Bitboards ?: still confused where the time savings is

Discussion of chess software programming and technical issues.

Moderator: Ras

Mergi
Posts: 127
Joined: Sat Aug 21, 2021 9:55 pm
Full name: Jen

Re: Bitboards ?: still confused where the time savings is

Post by Mergi »

dangi12012 wrote: Sat Nov 06, 2021 2:47 pm
What the huge advantage is: When you change N squares in a mailslot you have to index every square sequentially. When you change N squares in a bitboard it is a single x64 instruction.
That allowes move pruning and check evasion and pins - and nasty pins like the horizontal EP pins to never take more than 2 instructions to be resolved. And all that with less space and time compared to arrays.

Not that its useful but my prime example is : Moving all 8 pawns up one rank on an empty board:

Code: Select all

Wpawns <<= 8;
Checking how many are ready to be promoted now:

Code: Select all

int promo = BitCount(WPawns & LastRank);
Now how would that look in mailslot? I am asking because I am sure it would be more than 3 instructions long for 8 pawns and 8 checks for all 8 promotion squares :)
The code you provided is like the absolute basics of any bitboard engine. The slow part is generating and storing the moves. I would be very curious if you could go into more detail about how you are able to avoid that and perhaps provide some pseudo code as well.

Code: Select all

// after generating the possible_moves bitboard with one or two instructions, this is the slow part
while(possible_moves) {
	Square to_square = PopLsb(possible_moves);
	Square from_square = to_square - push_dir;
	PutMoveToList(to_square, from_square);
}
I mean even in your pseudo code you use "WPanws" bitboard, so you probably have a bitboard for each piece? Then if a capture occurs, you still need to remove a piece from the corresponding bitboard, so it's really not just as simple as piece ^= (from | to) , but you also need to take the captured piece away using something like bitboards_array[captured_piece_type] ^= to_square. In mailbox you might not even need to do that, as moving the piece will overwrite whatever piece is on the destination square in the array.
dangi12012
Posts: 1062
Joined: Tue Apr 28, 2020 10:03 pm
Full name: Daniel Infuehr

Re: Bitboards ?: still confused where the time savings is

Post by dangi12012 »

Mergi wrote: Sat Nov 06, 2021 4:04 pm
dangi12012 wrote: Sat Nov 06, 2021 2:47 pm
What the huge advantage is: When you change N squares in a mailslot you have to index every square sequentially. When you change N squares in a bitboard it is a single x64 instruction.
That allowes move pruning and check evasion and pins - and nasty pins like the horizontal EP pins to never take more than 2 instructions to be resolved. And all that with less space and time compared to arrays.

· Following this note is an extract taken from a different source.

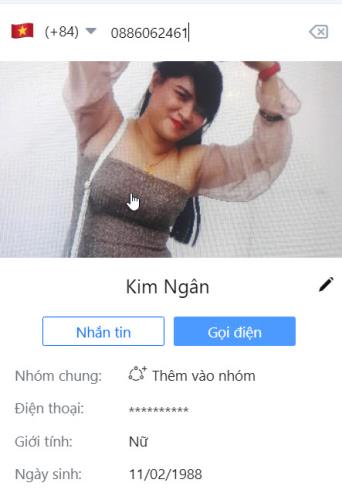 NGUYỄN THỊ NGỌC TÚ-0886062461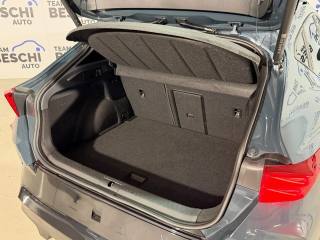 CUPRA Formentor usata, con Immobilizzatore elettronico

Not that its useful but my prime example is : Moving all 8 pawns up one rank on an empty board:

Code: Select all

Wpawns <<= 8;
Checking how many are ready to be promoted now:

Code: Select all

int promo = BitCount(WPawns & LastRank);
Now how would that look in mailslot? I am asking because I am sure it would be more than 3 instructions long for 8 pawns and 8 checks for all 8 promotion squares :)
The code you provided is like the absolute basics of any bitboard engine. The slow part is generating and storing the moves. I would be very curious if you could go into more detail about how you are able to avoid that and perhaps provide some pseudo code as well.

Code: Select all

// after generating the possible_moves bitboard with one or two instructions, this is the slow part
while(possible_moves) {
	Square to_square = PopLsb(possible_moves);
	Square from_square = to_square - push_dir;
	PutMoveToList(to_square, from_square);
}
I mean even in your pseudo code you use "WPanws" bitboard, so you probably have a bitboard for each piece? Then if a capture occurs, you still need to remove a piece from the corresponding bitboard, so it's really not just as simple as piece ^= (from | to) , but you also need to take the captured piece away using something like bitboards_array[captured_piece_type] ^= to_square. In mailbox you might not even need to do that, as moving the piece will overwrite whatever piece is on the destination square in the array.
the from_square is known since its the piece you just in this moment got the possible_moves for - to_square is correct.
The answer to why you dont need to put it on a list is under The Visitor Pattern: https://www.codeproject.com/Articles/53 ... egenerator

The answer to what needs to be done on a taking move is there:
https://github.com/Gigantua/Gigantua/bl ... e.hpp#L630

In short - the algo knows if the move is taking and what piece is moving (constexpr parameter is not a runtime construct). The whole block of code you see there is always one line of code after preprocessing:

If its not taking it boils down to a single xor instruction.
If its a taking move you need to Andnot with the bit you jumped to in the enemy. So thats 5 and + 1 xor.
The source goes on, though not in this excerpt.